Al momento sono ancora molte le economie est-europee che preferiscono aspettare prima di adottare l’euro come valuta. La Romania e la Polonia, ad esempio, continuano a mantenere rispettivamente il leu e lo złoty come monete di corso corrente. Questa decisione è principalmente legata alla volontà delle nazioni emergenti di controllare la politica monetaria, potendo così praticare tassi di interesse più adatti per la propria situazione rispetto a quelli della Banca Centrale Europea. Considerando che la politica monetaria europea è pensata per le esigenze di economie avanzate come quella tedesca, francese e italiana, sarebbe difficile per l’Ungheria trarne vantaggio in questo momento.
Possibile entrata nella Zona Euro nel 2030
Per quanto il governatore Matolcsy faccia sapere che nel breve termine l’Ungheria non adotterà l’euro, ci potrebbe essere già una data per farlo: il 2030 sarebbe l’anno candidato, secondo le proiezioni attuali della banca centrale. Nel corso di questi 7 anni, infatti, il governatore ritiene che l’economia Ungherese riuscirà a portarsi a un livello di sviluppo intorno al 90% di quello medio europeo. A quel punto ci sarebbe la possibilità di entrare con successo, mentre farlo adesso è considerata un’opzione controproducente con più svantaggi che vantaggi.

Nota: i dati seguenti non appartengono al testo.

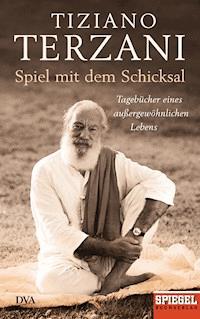 Spiel mit dem Schicksal - Tiziano Terzani - E-Book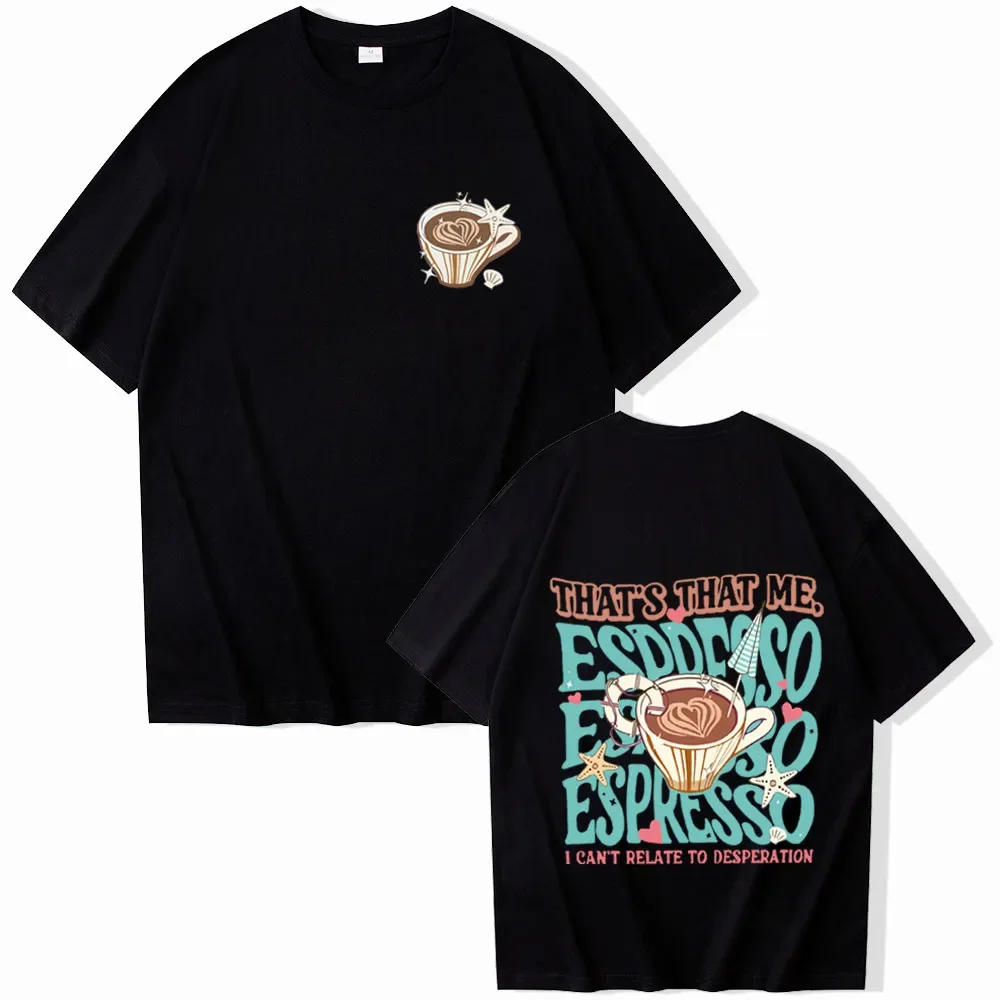 

Sabrina Carpenter Espresso Printed T-shirt Men's Summer 100% Cotton Album Surround Fan Gift Harajuku Unisex Round Neck Shirt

L’Ungheria rimane, di fatto, ancora molto interessata ad adottare l’euro. Questo soprattutto perché i principali partner commerciali sono europei, e la maggior parte dei paesi confinanti usa già l’euro: Croazia, Slovenia, Austria e Slovacchia hanno già scelto di adottare la Moneta Unica. Questo faciliterebbe i pagamenti, eviterebbe le commissioni legate al cambio di valuta, porterebbe più investimenti in Ungheria e renderebbe più stabile la situazione finanziaria del paese.
Dall’altra parte, l’Ungheria rimane una nazione esportatrice più che importatrice. Con l’eccezione del biennio 2021-22, segnato dalla crisi energetica del gas naturale, la bilancia commerciale ha sempre un saldo attivo. Utilizzare il fiorino ungherese al posto dell’euro, considerando che la prima è una valuta “debole” e la seconda “forte” in termini di tassi di cambio, favorisce queste esportazioni. Passare all’euro potrebbe rendere meno conveniente per le imprese internazionali comprare prodotti ungheresi.
Il paese cerca di uscire dalla recessione
Per quanto l’economia europea nel suo complesso continui a difendersi, in Ungheria si sta verificando una recessione tecnica ormai ampiamente confermata dai dati sul PIL. Per due trimestri di fila, la crescita reale del PIL -cioè al netto del tasso di inflazione- è stata negativa. Nel breve termine, questa è indubbiamente la preoccupazione più impellente per il governo e per la banca centrale e ha la precedenza rispetto ai discorsi sulla Moneta Unica.
Ci sono due motivi principali dietro a questa recessione, che si sono alimentati a vicenda nel corso degli ultimi sei mesi. Il primo è stata la crisi del gas naturale, che ha spinto tutte le nazioni europee a pagare prezzi molto più alti per le importazioni di questa materia prima rispetto al passato. Alcune nazioni hanno dimostrato di poter comunque crescere leggermente in questa situazione, ma l’impatto è stato molto forte per un’economia emergente come quella ungherese.
Il secondo tema centrale è stato quello del tasso di inflazione, che in più rilevazioni ha superato il 25% annuo. Il fiorino si è svalutato rapidamente per via delle importazioni di gas dall’estero; in valuta locale, questa svalutazione ha reso il gas ancora più caro e ha portato a una svalutazione maggiore. Questo circolo vizioso ha fatto sì che, mentre i prezzi siano aumentati in media del 24% rispetto allo scorso anno, la crescita dei salari sia stata solo del 17,6%.